◆ What needs to be done
Copy every entry exactly as it stands, though any image it holds should stay out of the copy.

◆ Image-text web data
* * *

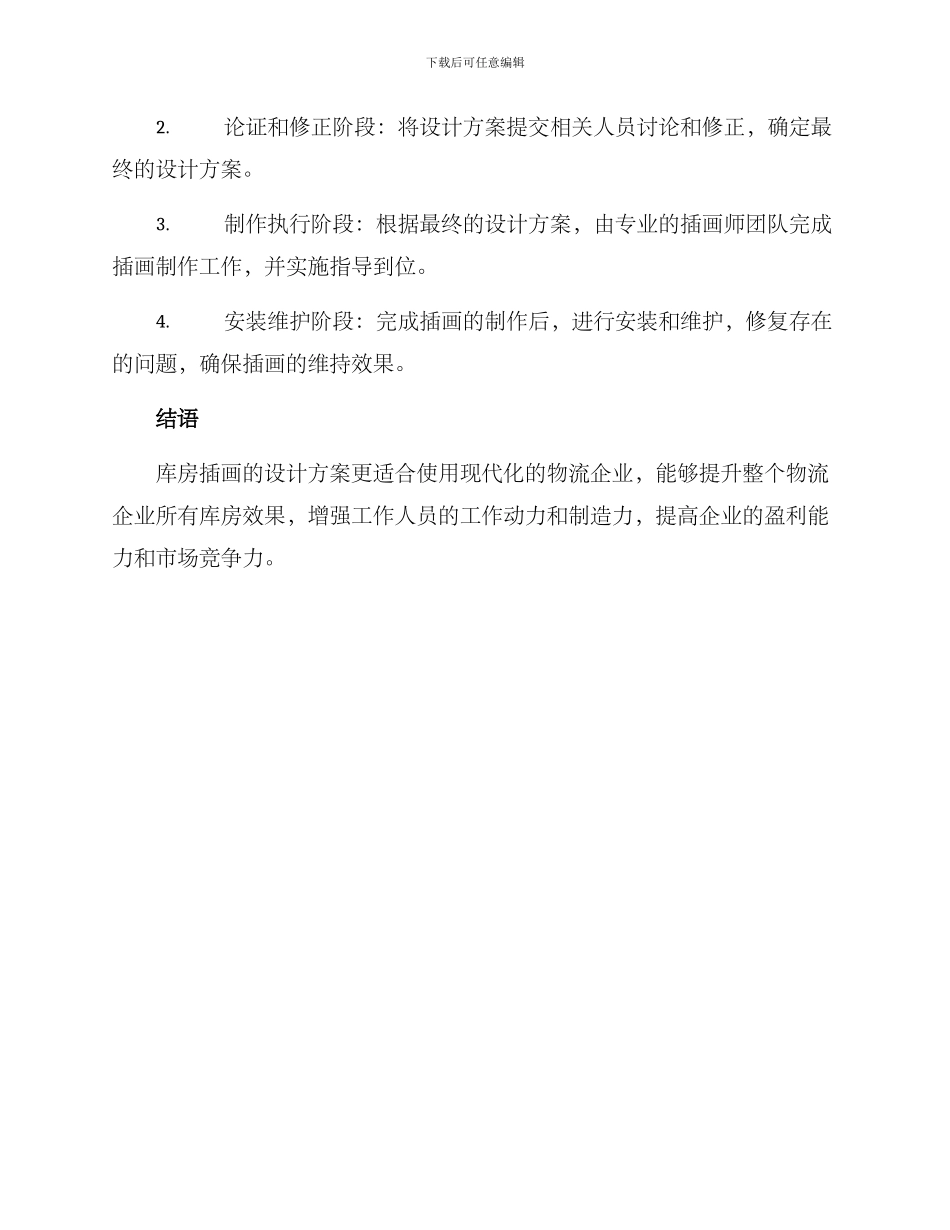 库房插画设计方案_第3页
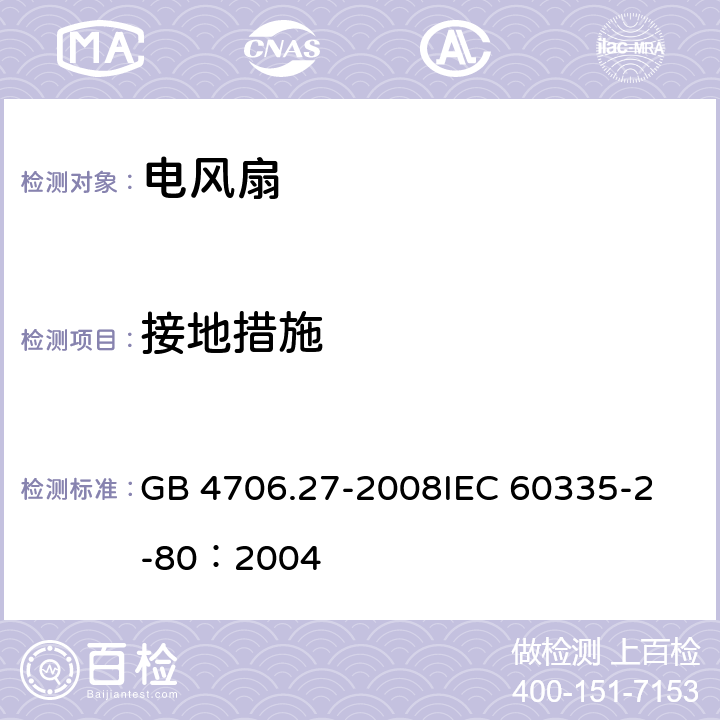 接地措施 家用和类似用途电器的安全 第2部分：风扇的特殊要求 GB 4706.27-2008
IEC 60335-2-80：2004 27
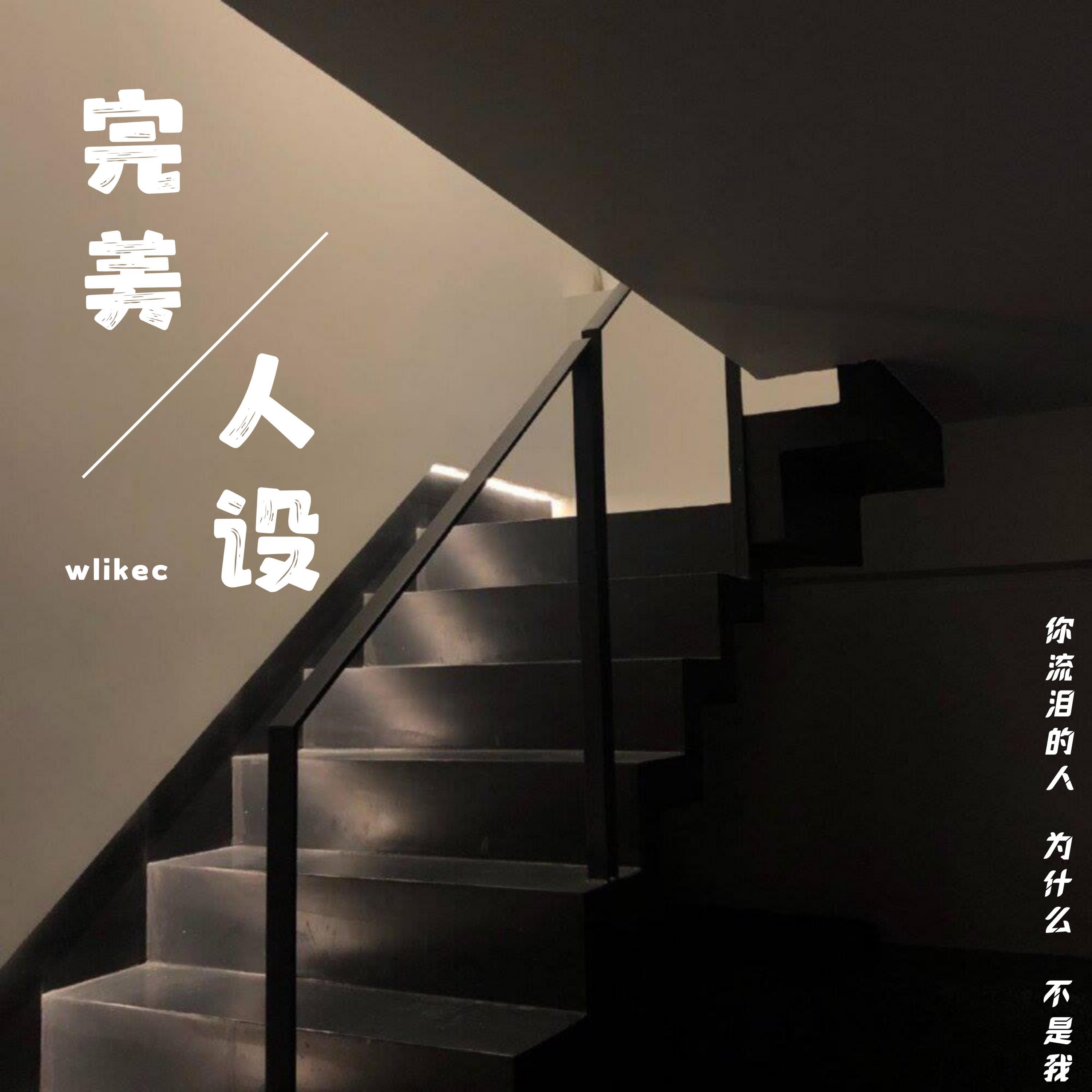 Релиз 完美人设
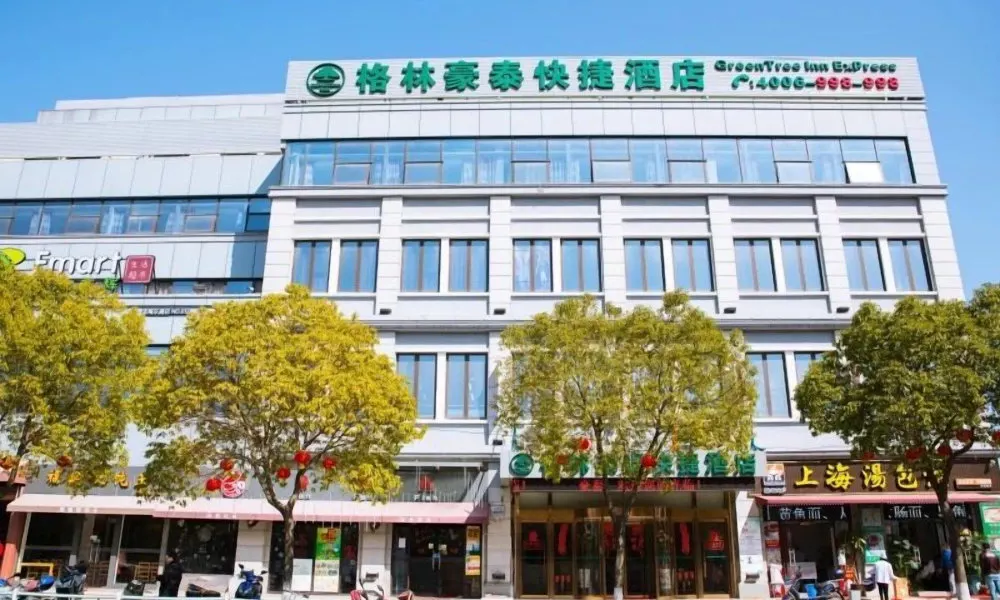 GreenTree Inn Shanghai Pudong Shenmei East Express Hotel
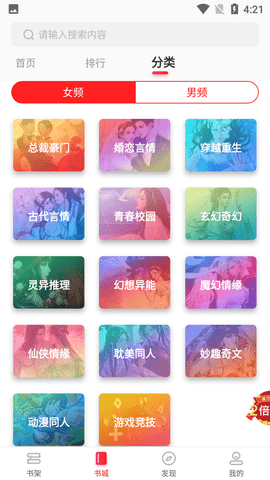 御书房怎么用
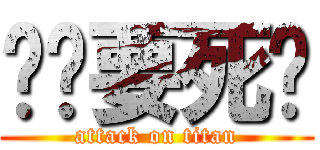 你们要死啊 (attack on titan)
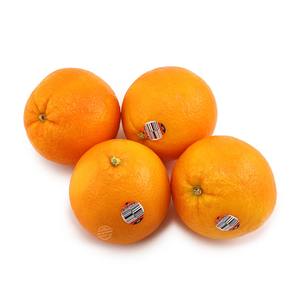 Navel Orange 1kg - AUS*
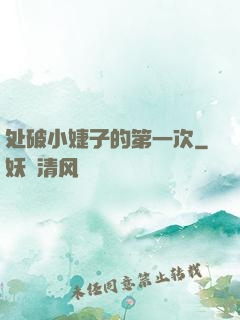 处破小婕子的第一次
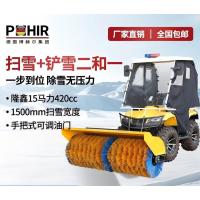 博赫尔(POHIR)驾驶式扫雪机四轮大型燃油高速除雪机工厂物业市政清雪车扫雪车 PHR-15D(扫+抛+推)柴油款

* * *

◆ Task answer
 库房插画设计方案_第3页
 接地措施 家用和类似用途电器的安全 第2部分：风扇的特殊要求 GB 4706.27-2008
IEC 60335-2-80：2004 27
 Релиз 完美人设
 GreenTree Inn Shanghai Pudong Shenmei East Express Hotel
 御书房怎么用
 你们要死啊 (attack on titan)
 Navel Orange 1kg - AUS*
 处破小婕子的第一次
 博赫尔(POHIR)驾驶式扫雪机四轮大型燃油高速除雪机工厂物业市政清雪车扫雪车 PHR-15D(扫+抛+推)柴油款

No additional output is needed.